I don’t understand “good wine.” I tend to like sweeter wines, which are considered “cheap” and less classy. I also like the “oak” flavors. Chrissy and I went to the wine tasting at the Biltmore. They gave us a kind of a checklist. I thought that three of the wines were okay: a Biltmore Estate Chardonnay, a Riesling and something called Tempranillo. Some of the wines come from North Carolina grapes, but others are California wines according to the Biltmore recipe. I think that means that they put it in bottles at the estate. You got a special deal on three bottles, so Chrissy bought one of each.
I don’t know how they will be in larger quantities. Lots of things taste good in small amounts, like they give you on the tastings. But we got it now, so I guess I will see. I would have enjoyed a beer tasting. I know I like beer in larger quantities.

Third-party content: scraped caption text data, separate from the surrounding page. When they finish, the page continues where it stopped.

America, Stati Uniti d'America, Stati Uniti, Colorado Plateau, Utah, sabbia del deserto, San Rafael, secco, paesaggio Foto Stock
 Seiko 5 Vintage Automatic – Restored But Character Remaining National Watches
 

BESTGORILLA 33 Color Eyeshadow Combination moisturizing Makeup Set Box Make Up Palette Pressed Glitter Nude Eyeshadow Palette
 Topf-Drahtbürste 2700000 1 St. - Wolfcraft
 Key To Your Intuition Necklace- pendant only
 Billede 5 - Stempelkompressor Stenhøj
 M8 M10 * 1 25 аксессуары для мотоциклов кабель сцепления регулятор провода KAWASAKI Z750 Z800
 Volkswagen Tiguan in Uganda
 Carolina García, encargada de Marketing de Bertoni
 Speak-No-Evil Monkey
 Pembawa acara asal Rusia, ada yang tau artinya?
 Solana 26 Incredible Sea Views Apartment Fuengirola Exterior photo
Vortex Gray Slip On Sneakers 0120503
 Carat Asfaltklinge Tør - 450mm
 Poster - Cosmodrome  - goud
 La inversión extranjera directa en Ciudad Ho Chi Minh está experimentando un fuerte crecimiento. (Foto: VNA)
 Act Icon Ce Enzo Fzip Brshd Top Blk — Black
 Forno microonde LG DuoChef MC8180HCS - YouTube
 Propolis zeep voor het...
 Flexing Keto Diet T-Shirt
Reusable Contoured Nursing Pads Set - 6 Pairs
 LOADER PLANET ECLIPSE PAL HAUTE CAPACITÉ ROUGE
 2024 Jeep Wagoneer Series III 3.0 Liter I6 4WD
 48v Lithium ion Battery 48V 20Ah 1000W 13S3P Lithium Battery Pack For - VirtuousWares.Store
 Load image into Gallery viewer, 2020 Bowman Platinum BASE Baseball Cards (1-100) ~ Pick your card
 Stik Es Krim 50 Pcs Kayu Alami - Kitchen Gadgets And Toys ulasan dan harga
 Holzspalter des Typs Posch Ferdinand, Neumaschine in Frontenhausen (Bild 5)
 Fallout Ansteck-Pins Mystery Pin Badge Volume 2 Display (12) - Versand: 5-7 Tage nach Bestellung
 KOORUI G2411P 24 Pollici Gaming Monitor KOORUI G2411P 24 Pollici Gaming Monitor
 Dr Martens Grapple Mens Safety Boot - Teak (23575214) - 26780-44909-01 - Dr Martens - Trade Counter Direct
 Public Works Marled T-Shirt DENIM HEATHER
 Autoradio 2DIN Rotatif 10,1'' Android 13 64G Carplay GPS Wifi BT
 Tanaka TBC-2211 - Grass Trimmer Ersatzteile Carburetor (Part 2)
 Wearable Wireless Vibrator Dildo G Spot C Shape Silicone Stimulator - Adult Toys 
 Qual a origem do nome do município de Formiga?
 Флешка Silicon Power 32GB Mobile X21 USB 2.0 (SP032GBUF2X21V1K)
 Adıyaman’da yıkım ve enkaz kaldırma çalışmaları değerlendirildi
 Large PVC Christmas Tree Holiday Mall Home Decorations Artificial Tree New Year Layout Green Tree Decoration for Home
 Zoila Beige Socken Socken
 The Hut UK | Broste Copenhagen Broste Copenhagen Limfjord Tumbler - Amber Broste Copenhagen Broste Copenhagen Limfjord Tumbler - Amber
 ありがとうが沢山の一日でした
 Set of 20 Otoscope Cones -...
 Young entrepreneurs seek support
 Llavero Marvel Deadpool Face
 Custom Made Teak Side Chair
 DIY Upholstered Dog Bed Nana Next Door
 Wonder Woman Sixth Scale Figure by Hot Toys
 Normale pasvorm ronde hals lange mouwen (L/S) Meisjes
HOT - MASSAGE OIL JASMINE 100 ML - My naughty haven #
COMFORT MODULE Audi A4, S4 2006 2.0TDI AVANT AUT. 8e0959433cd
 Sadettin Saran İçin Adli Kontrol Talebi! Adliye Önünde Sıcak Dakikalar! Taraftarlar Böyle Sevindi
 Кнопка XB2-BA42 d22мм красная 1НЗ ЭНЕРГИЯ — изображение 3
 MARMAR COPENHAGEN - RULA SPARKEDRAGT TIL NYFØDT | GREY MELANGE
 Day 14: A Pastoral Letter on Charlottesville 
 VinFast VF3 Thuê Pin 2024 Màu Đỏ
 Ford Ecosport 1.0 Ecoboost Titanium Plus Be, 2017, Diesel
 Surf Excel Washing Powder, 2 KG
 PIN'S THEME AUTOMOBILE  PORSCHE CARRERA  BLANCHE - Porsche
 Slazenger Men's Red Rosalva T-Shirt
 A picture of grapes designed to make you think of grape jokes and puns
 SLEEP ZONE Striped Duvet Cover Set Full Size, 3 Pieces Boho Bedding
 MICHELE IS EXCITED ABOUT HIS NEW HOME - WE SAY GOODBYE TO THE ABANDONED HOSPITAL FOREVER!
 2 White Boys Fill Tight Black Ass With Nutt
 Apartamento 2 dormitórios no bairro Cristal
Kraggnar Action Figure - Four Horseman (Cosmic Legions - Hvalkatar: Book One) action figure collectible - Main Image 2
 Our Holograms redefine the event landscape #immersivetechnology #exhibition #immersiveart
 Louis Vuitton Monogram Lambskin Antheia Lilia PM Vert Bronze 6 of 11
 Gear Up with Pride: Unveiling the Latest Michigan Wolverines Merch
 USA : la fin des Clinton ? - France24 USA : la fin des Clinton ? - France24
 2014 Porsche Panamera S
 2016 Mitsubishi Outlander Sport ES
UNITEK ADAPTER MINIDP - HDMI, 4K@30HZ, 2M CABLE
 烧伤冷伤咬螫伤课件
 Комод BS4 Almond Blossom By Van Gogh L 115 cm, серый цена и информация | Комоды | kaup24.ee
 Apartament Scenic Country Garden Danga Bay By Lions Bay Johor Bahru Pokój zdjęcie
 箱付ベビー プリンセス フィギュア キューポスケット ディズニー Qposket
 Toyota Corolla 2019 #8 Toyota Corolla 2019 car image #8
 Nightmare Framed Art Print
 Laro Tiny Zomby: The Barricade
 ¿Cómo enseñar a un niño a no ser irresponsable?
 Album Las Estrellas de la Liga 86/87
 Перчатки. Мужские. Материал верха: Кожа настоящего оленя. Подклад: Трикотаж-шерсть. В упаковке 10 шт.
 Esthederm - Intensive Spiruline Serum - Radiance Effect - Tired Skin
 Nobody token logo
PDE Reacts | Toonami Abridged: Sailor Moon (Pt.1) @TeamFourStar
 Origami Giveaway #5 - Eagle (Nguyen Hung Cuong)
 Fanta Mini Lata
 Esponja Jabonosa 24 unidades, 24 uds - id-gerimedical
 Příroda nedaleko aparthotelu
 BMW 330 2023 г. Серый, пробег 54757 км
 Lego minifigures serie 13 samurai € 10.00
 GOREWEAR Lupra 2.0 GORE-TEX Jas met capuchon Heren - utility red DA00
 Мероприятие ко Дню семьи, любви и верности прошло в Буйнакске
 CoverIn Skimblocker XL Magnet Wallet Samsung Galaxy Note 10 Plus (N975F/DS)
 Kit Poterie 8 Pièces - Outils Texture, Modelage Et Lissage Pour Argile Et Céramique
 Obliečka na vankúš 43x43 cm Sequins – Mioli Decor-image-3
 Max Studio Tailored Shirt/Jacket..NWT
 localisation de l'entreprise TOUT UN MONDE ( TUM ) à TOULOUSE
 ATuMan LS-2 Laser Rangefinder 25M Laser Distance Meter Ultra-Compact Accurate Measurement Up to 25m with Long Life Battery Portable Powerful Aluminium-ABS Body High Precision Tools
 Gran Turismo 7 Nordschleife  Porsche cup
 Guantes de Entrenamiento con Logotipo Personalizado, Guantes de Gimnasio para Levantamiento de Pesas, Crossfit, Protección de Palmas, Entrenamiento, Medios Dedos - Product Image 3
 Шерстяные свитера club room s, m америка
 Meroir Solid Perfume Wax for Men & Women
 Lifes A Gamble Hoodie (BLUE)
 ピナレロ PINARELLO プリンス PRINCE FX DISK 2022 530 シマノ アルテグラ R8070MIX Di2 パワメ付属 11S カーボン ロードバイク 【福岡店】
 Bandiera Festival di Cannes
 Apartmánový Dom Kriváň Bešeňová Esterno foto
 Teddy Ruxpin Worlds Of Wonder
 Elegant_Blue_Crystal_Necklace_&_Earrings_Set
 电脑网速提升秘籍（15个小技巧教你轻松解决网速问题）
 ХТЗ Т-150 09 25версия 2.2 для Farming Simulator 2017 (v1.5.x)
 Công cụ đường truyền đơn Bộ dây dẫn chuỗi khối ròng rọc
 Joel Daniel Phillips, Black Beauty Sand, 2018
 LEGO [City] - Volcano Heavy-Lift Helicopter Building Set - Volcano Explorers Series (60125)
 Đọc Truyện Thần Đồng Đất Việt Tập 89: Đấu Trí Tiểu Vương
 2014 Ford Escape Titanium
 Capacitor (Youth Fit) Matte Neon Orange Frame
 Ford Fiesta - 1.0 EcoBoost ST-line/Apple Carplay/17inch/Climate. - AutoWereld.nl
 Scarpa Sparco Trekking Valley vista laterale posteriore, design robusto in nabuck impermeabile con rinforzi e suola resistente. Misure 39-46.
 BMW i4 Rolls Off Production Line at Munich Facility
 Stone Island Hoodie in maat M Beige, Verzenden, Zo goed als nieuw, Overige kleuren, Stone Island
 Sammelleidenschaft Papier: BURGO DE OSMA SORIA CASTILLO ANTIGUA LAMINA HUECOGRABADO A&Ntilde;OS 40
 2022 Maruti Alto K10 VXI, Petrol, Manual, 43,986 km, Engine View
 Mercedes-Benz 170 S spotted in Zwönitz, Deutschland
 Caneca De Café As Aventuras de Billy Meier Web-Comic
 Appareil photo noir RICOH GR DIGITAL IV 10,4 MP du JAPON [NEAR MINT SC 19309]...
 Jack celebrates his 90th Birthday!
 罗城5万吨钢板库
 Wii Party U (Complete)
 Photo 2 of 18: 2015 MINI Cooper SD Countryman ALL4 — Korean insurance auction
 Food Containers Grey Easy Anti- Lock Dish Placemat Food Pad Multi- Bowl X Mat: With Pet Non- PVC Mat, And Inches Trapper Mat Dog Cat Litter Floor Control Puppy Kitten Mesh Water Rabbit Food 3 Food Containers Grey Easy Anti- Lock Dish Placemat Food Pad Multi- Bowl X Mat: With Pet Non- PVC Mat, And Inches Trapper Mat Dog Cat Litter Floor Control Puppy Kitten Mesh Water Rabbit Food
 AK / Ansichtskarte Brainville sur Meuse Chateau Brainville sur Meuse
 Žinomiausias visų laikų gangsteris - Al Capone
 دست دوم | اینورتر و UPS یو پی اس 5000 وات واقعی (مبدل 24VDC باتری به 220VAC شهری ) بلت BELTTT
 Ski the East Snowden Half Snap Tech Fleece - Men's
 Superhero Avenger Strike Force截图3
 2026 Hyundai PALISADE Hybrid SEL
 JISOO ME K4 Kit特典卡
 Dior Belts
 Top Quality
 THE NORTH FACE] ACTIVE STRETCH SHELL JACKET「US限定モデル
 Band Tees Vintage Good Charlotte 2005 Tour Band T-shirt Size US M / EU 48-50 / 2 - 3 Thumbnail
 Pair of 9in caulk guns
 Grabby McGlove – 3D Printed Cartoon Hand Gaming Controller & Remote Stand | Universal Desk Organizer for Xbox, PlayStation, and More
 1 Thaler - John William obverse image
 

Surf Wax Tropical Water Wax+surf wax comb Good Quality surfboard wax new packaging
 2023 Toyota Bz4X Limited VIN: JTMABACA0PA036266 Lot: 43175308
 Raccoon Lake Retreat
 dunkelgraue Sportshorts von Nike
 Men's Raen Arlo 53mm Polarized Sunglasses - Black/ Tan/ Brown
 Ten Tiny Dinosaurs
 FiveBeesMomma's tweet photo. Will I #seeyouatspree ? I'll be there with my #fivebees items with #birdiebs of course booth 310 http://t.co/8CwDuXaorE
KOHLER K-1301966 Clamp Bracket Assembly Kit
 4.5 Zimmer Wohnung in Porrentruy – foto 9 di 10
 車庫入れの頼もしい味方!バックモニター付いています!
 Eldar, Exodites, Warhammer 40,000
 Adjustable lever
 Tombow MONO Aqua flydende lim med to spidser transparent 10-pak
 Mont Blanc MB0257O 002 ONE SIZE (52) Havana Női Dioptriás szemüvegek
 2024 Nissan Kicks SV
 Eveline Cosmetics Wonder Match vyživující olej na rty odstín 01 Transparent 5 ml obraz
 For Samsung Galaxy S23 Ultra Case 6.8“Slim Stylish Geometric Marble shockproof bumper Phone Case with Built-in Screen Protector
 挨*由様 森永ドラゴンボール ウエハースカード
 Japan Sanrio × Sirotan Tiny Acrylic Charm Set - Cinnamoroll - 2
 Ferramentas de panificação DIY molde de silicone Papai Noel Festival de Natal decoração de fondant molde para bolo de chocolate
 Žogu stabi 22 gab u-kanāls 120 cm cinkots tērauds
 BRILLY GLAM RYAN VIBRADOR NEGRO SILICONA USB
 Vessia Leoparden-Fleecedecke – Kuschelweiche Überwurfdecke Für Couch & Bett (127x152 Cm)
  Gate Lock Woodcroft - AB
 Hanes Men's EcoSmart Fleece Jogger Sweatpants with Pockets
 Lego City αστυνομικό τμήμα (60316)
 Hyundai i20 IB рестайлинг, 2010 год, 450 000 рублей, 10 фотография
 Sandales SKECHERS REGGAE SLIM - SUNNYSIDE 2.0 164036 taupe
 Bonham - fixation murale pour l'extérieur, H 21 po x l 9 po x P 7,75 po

When I was in Warsaw I got to take part in a bourbon tasting, sponsored by Jim Beam. The organizers told us lots of stories and legends about bourbon and the various kinds of bourbon. I think they made some of them up, but they were good stories so why mess with the legends. You really can tell the black label from the white label bourbons, but only if you drink one right after the other. A good time was had by all. The Jim Beam guys were smart. They had a lot of their wares for sale and offered them while everyone was in the type of exuberant moods provoked by whiskey tasting. I bought three bottles of higher-class/higher-price bourbon than I would have normally.
I learned a little. Bourbon is aged in warmer places in North America. It is good to go in seven years. After that, it gets a little harsh. Scotch can be aged up to 18 years, since it is cooler in Scotland. But it doesn’t get any better after that. Actually it doesn’t get much better after 15 years, but paying more for anything over 18 years is a waste of money.